| TASK TO COMPLETE |
Wherever a picture sits, omit it. Output the rest of the listing exactly.

| GIVEN DATA |
------------------------

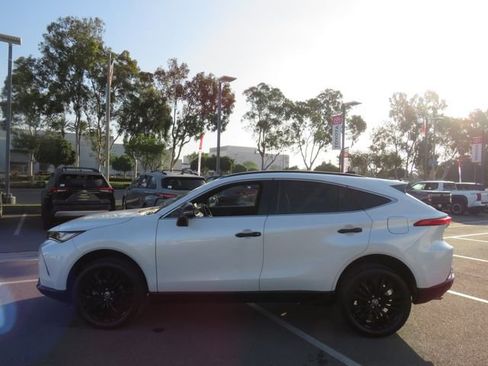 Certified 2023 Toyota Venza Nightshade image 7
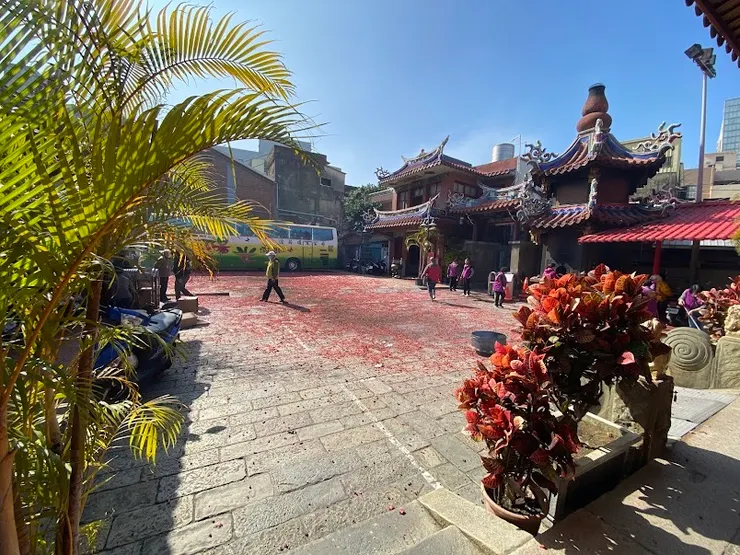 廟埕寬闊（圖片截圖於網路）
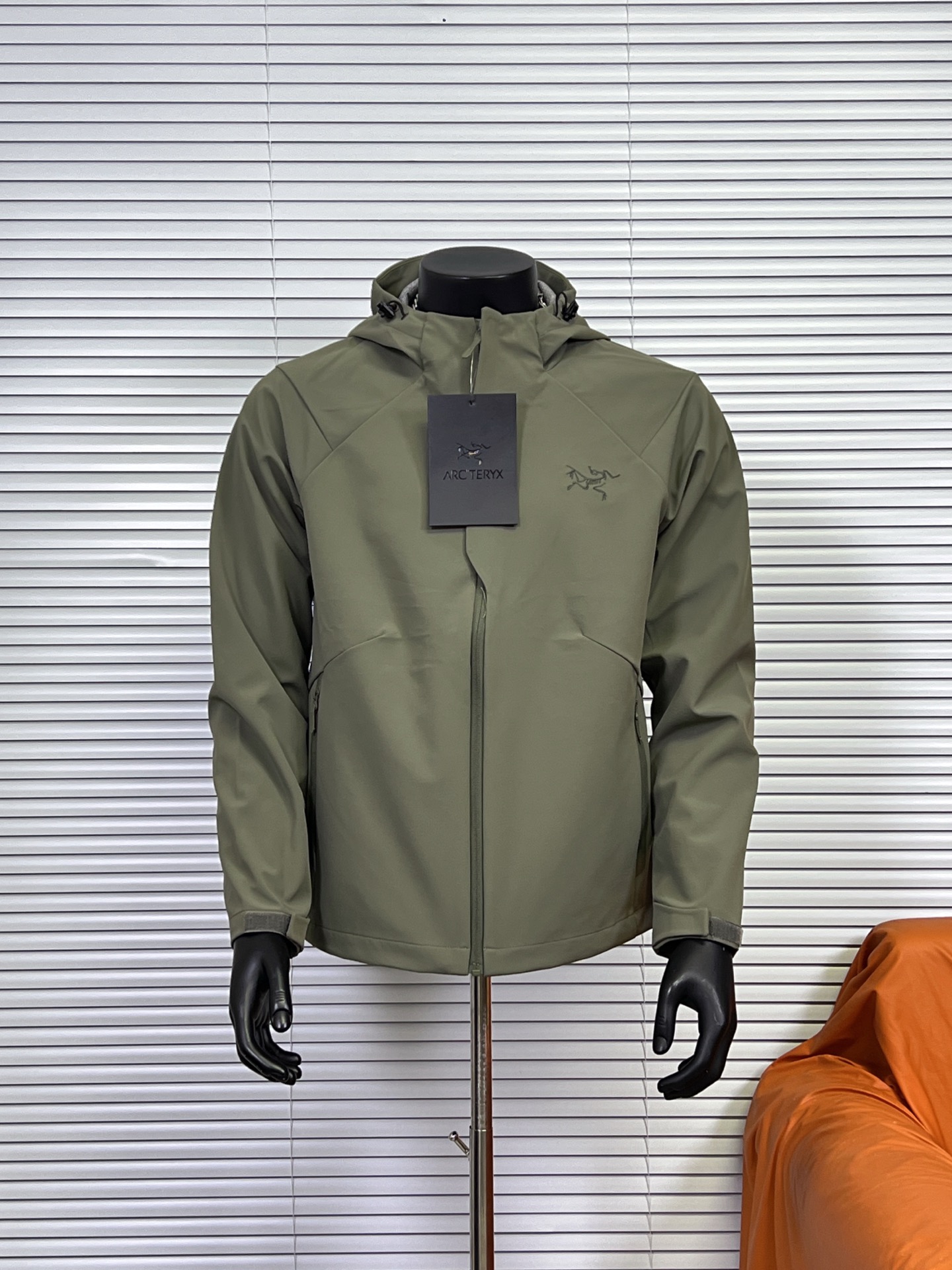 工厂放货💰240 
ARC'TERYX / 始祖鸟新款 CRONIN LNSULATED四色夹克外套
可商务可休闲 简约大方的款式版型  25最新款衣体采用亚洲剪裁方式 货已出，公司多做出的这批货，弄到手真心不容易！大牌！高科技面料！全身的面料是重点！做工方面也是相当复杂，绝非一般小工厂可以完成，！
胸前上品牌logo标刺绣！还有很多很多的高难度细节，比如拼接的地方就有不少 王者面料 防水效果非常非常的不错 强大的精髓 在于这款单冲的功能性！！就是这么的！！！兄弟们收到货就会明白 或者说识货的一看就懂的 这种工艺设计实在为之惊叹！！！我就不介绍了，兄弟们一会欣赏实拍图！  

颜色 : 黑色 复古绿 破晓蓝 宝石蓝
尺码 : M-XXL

------------------------

| TASK RESPONSE |
 Certified 2023 Toyota Venza Nightshade image 7
 廟埕寬闊（圖片截圖於網路）
 工厂放货💰240 
ARC'TERYX / 始祖鸟新款 CRONIN LNSULATED四色夹克外套
可商务可休闲 简约大方的款式版型  25最新款衣体采用亚洲剪裁方式 货已出，公司多做出的这批货，弄到手真心不容易！大牌！高科技面料！全身的面料是重点！做工方面也是相当复杂，绝非一般小工厂可以完成，！
胸前上品牌logo标刺绣！还有很多很多的高难度细节，比如拼接的地方就有不少 王者面料 防水效果非常非常的不错 强大的精髓 在于这款单冲的功能性！！就是这么的！！！兄弟们收到货就会明白 或者说识货的一看就懂的 这种工艺设计实在为之惊叹！！！我就不介绍了，兄弟们一会欣赏实拍图！  

颜色 : 黑色 复古绿 破晓蓝 宝石蓝
尺码 : M-XXL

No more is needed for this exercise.